Sunday, October 28, 2012

dohiyi

 


i wrote a blog when i was in a deep place of sorrow last night...full of hurt...i stumbled through a twisted maze of heartache...no place to put all my disappointment at life lately...no place for it to go but down into me and make me sick...

i woke up this morning so much in sorrow i threw up til noon...a headache pounding me...i just could not shake the sadness...

the word dohiyi (cherokee word for peace) kept popping up...my friend karen wrote it on her arm in one of many playful moments and sent the image to me...karen who passed at 51...the treewoman...the elf king...a good person and loved by many...who struggled with her own stuff yet was generous and kind...who loved me even when i didnt feel lovable...i am so grateful for her teachings...i miss her...

i cant share the wounding of late...other than it is a repeated pattern from childhood...rejection...i set myself up for rejection again...i am taking responsibility for my part while sharing it with those others who rejected me...it is so incredibly painful and i am struggling to deal with it...to not shut down...it has changed me though...i will not be the same as i was...a wall is going up...it is the only way i know how to navigate this world any more...i had hope in something and now there is none...to surrender to this brokenness is atleast a relief...to no longer struggle...to let go...to break the rest of the way...and then to fill the brokenness with gold as they do in japanese pottery mending...

i am beautifully broken...i am beyond any more harm now...once you break all the way there is nothing left to harm...i am grateful not to be jaded...just broken...not depressed...not crippled...but simply filled with a tender sorrow...for myself...and for others...forgiving me for the person i am...forgiving them...

i am never going to be "normal"...i am an artist...a writer...i am a spiritual person who walks her own path to the beloved creator of all...in my own way...with conviction and reverence...and love for the natural world and for all sentient beings...i just wish i could belong somewhere in this world...i dont...the thud of  knowing this crashes in on me...
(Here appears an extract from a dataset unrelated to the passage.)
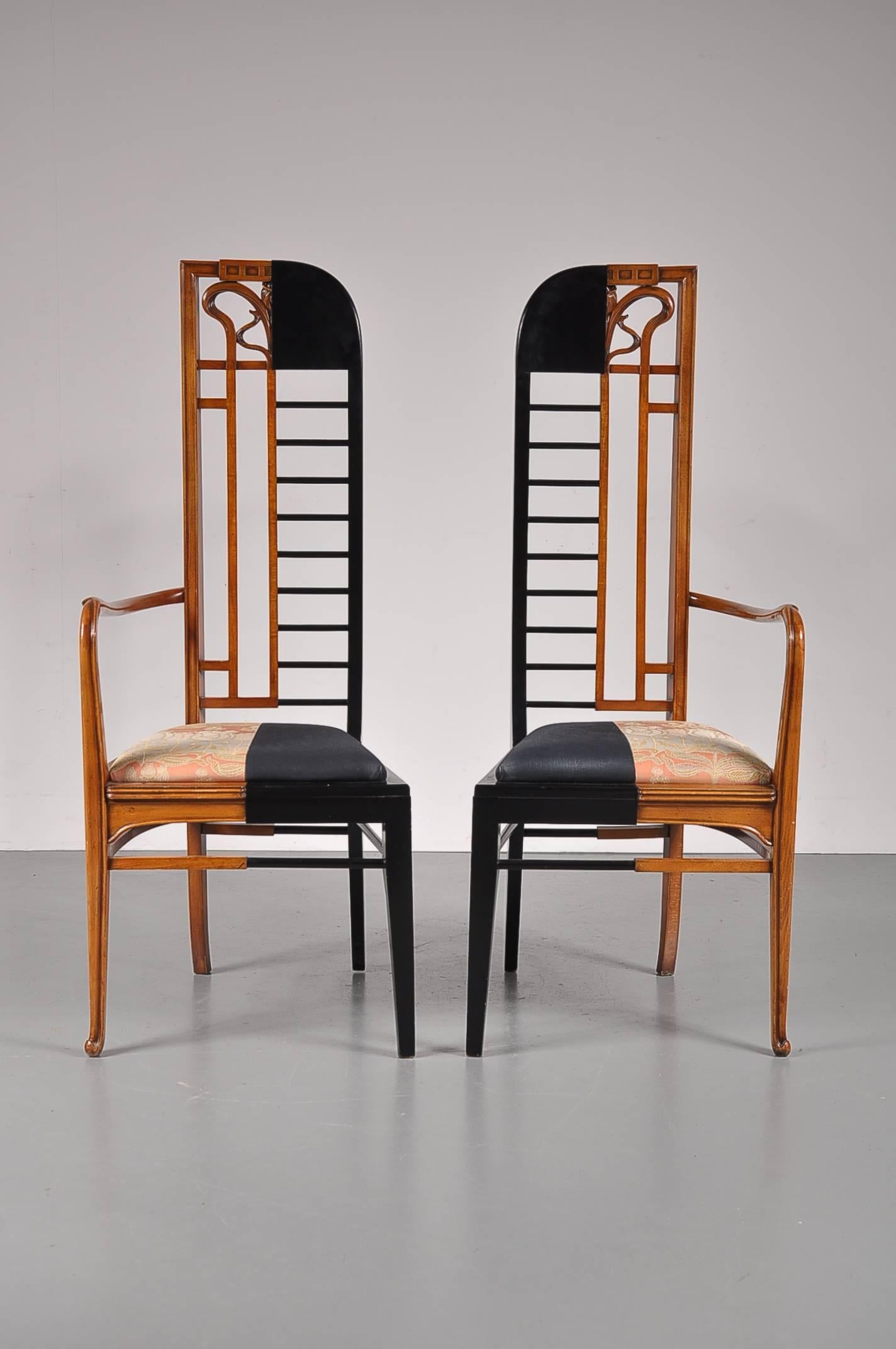 Dutch Unique Jugendstil / Modern Combination Chairs, Netherlands, 1980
the harshness of it all is difficult...the harshness of what has just happened...the harshness of so much of life is difficult...yet i see beauty and grace and love as well...

i see a leaf for the first and only time fall from its home and land softly on the ground...i see a seal bob in the water...it looks at me as i look at it...and i feel its curiosity and cautiousness...i hear the sweet thin notes of a songbird singing so late in the season and pray for her safe trip to warmer places...i watch a hunched over older woman counting out change in the grocery line and my heart sends her love and healing light...and wishes for her to have enough to eat that evening...i watch a father toss a ball to a daughter...i see a cat crouch in waiting for some chase in the bushes...i smile at the storm clouds and whisper a prayer for all to be safe...i look at myself in the mirror and see kind eyes...

this is life...hurtful and not...i am here in it...breathing...full of flaws...full of light...falling short often...yet always moving towards understanding and enlightenment...imperfect yet in my imperfection i can see the flow of love accepting me in...just as i am...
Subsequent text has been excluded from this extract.